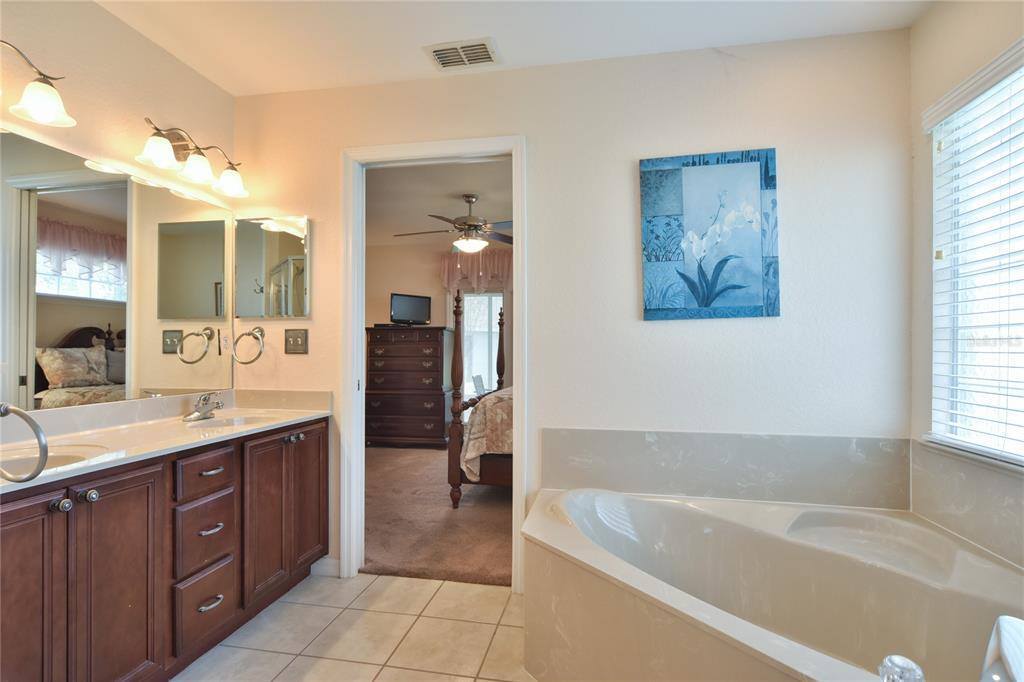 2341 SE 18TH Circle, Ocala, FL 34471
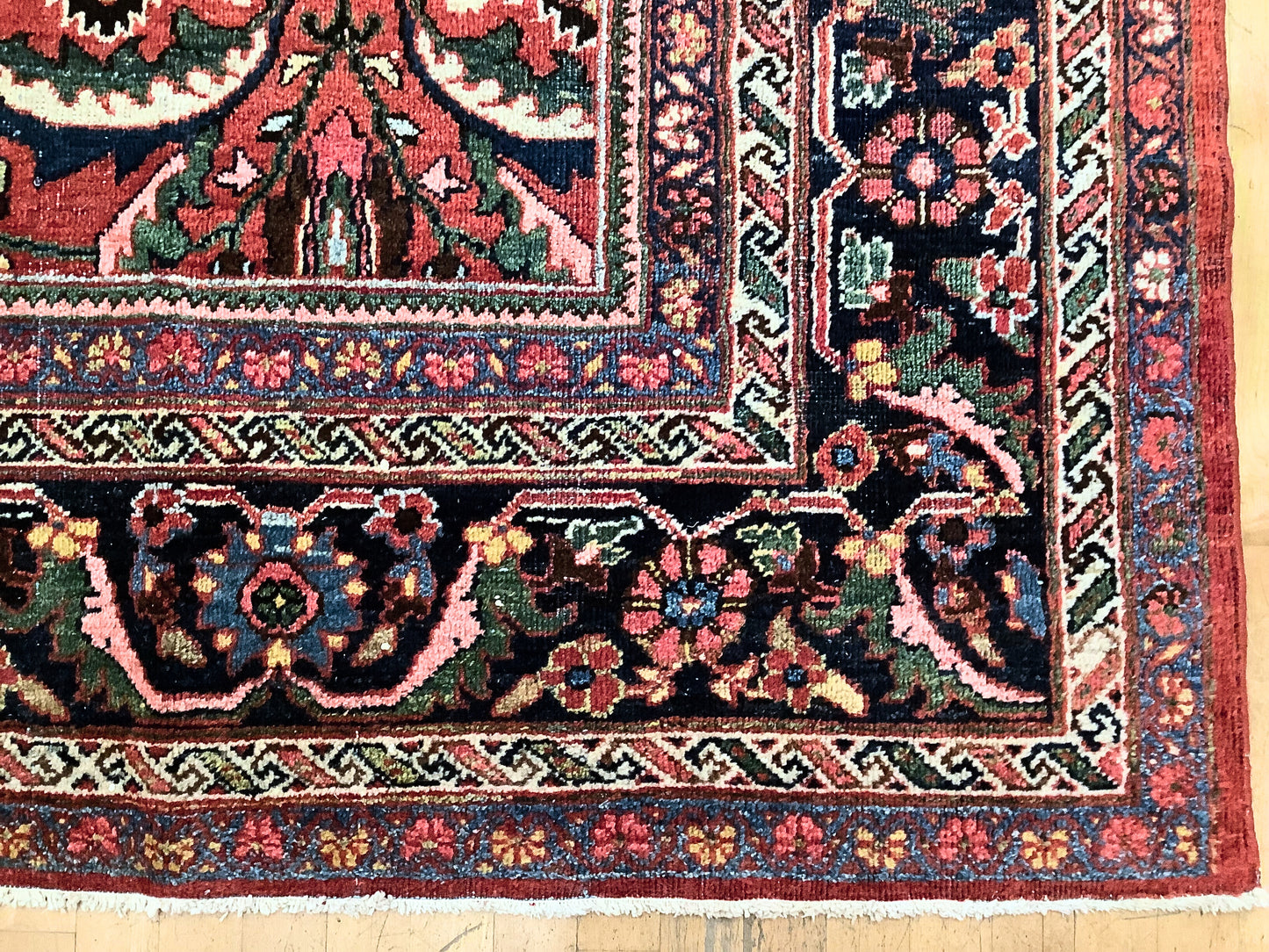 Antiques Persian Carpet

■ ■ ■ ■

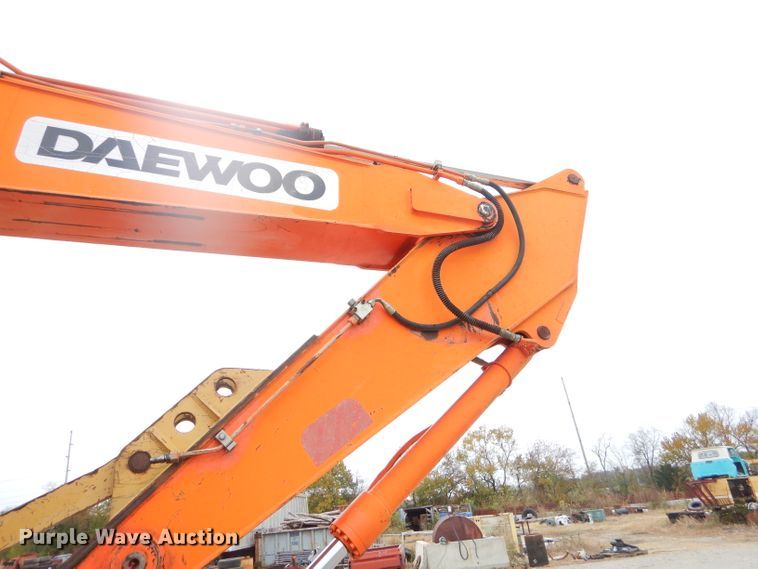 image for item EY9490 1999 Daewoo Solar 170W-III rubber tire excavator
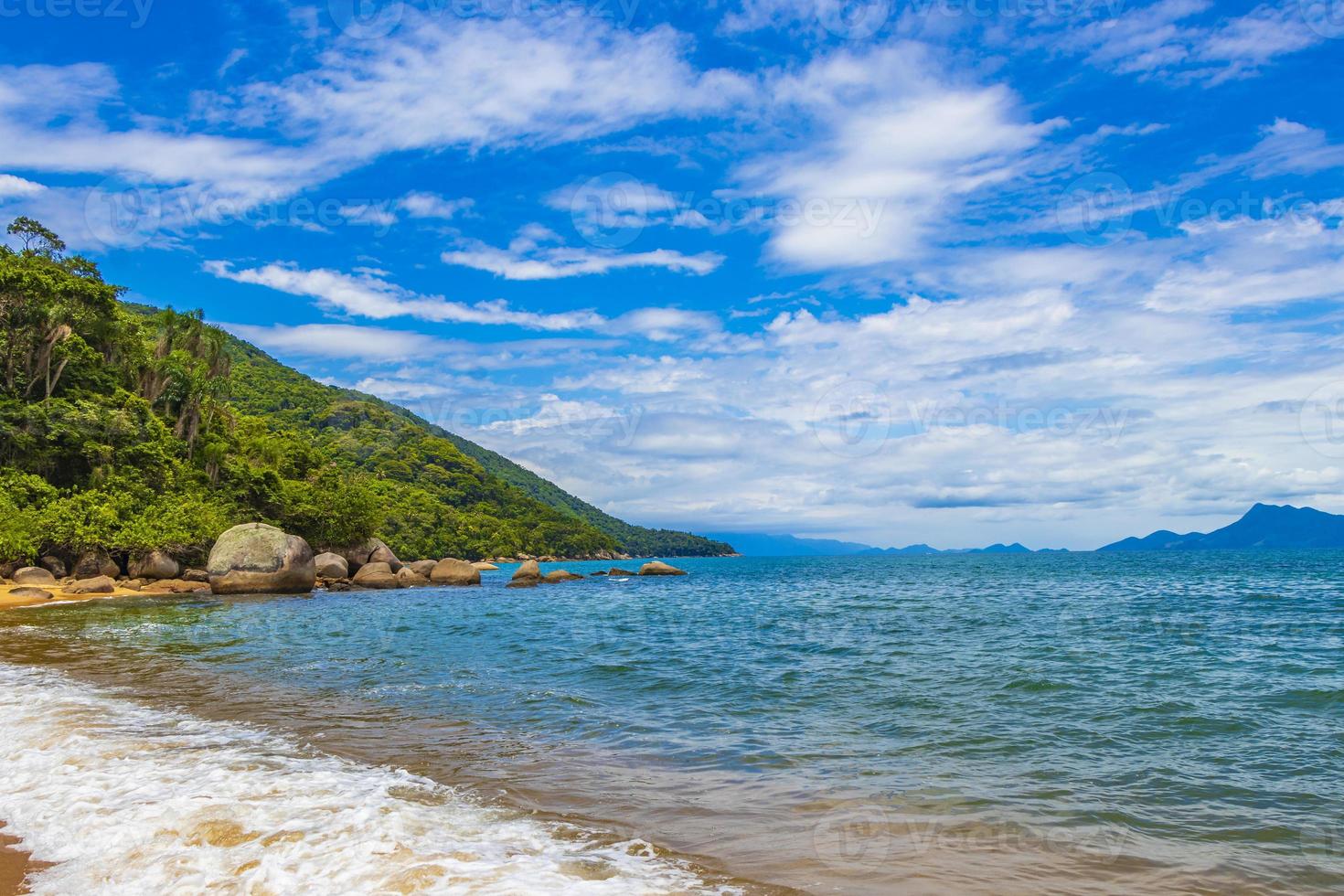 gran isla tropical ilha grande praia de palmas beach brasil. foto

■ ■ ■ ■

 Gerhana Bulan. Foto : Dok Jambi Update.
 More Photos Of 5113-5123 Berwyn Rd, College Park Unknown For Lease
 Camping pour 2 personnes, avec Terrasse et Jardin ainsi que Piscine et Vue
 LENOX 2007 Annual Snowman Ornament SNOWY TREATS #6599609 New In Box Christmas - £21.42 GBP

■ ■ ■ ■

▶ Your task
Look through the material above. Transcribe exactly the lines between the ones with "2341 SE 18TH Circle, Ocala, FL 34471" and "Antiques Persian Carpet", inclusive, and keep pictures out.

▶ Written reply
 2341 SE 18TH Circle, Ocala, FL 34471
 Antiques Persian Carpet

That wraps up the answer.